Clicking the Expand group membership link opens the Effective Group Membership report for this account.
Usage Example
An IT administrators wants to find all user accounts from the OU named Finance that are currently locked out and disabled with information about their managers to contact them in case of any questions. This OU is included in the monitoring plan named Active Directory Monitoring.

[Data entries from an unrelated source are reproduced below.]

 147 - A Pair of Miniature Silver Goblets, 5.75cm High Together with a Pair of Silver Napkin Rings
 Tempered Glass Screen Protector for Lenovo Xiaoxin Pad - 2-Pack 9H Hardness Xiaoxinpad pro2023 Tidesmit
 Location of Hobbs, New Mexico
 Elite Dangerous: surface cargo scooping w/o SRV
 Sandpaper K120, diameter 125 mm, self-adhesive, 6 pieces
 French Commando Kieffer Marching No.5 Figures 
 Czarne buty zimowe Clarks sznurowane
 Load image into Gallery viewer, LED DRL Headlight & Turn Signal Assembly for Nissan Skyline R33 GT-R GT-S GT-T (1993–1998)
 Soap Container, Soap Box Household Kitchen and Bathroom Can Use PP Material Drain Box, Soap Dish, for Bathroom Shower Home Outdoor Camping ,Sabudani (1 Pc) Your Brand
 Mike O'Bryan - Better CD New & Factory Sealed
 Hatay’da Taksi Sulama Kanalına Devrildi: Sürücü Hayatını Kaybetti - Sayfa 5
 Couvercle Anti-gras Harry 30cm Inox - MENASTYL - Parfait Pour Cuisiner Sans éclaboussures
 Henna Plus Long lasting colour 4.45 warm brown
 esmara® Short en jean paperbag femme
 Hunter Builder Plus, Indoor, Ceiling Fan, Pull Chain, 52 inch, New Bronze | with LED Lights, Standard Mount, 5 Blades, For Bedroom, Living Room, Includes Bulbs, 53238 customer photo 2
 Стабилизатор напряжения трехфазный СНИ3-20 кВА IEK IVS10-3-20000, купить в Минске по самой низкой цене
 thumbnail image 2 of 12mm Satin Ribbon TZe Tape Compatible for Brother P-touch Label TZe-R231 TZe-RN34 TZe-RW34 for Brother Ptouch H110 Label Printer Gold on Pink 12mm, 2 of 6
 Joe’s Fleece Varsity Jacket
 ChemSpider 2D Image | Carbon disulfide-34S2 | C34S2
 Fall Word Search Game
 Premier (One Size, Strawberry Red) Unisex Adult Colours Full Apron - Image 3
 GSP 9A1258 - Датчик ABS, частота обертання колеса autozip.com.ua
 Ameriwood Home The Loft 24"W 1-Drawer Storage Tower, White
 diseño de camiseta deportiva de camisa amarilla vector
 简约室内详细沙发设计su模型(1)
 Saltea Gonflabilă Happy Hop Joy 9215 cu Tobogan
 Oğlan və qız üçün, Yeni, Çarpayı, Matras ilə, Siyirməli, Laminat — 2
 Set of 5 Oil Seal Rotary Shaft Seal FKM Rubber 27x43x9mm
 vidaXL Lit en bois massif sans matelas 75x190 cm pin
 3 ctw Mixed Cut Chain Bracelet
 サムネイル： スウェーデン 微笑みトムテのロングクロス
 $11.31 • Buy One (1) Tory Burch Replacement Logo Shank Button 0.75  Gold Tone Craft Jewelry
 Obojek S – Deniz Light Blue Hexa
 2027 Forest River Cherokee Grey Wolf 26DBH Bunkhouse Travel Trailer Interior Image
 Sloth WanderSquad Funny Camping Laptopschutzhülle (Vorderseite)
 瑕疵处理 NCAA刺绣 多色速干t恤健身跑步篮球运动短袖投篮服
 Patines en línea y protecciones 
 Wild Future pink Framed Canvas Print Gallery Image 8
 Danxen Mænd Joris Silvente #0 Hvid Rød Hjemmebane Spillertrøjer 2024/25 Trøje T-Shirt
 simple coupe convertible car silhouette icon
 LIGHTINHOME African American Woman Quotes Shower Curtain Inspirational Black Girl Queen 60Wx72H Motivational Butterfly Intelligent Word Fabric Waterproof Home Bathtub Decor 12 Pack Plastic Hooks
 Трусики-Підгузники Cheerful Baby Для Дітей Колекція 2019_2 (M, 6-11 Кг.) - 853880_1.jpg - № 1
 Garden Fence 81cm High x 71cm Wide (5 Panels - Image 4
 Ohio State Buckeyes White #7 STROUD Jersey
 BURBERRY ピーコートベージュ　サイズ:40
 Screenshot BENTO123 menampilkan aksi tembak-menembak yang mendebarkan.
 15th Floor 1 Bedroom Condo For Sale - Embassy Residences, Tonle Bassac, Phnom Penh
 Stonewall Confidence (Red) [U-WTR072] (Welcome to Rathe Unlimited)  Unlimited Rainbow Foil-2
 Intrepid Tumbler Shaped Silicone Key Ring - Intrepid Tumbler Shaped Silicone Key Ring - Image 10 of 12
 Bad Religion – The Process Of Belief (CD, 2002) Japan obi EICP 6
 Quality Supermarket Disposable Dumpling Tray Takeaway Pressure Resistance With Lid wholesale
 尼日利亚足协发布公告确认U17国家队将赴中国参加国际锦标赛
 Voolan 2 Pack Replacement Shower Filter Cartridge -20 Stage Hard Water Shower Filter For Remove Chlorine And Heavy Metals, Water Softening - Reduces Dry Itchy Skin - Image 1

They need to set report filters as follows:
- Monitoring plan: Active Directory Monitoring
- In the "Account details to show" filter, select Manager.
- Attribute 1: Parent OU/container - equals | Value: Domain.com/Finance
- Attribute 2: Account enabled | Value: No
- Attribute 3: Account locked | Value: Yes
- All other filter values can be left default.
A security manager wants to find administrators of the corp.local domain with incorrect password settings (password not required). Service accounts (svc%) must be skipped in the report. This domain is included in the monitoring plan named _Active Directory Monitoring. He or she needs to set report filters as follows:
- Monitoring plan: Active Directory Monitoring
- Item: corp.local
- In the "Account details to show" filter, select Member of, Password not required.
- Attribute 1: Member of - equals | Value: Domain Admins
- Attribute 2: Password not required| Value: Yes
- Attribute 3: Logon name (sAMAccountName) - not equal to | Value: svc_%
- All other filter values can be left default.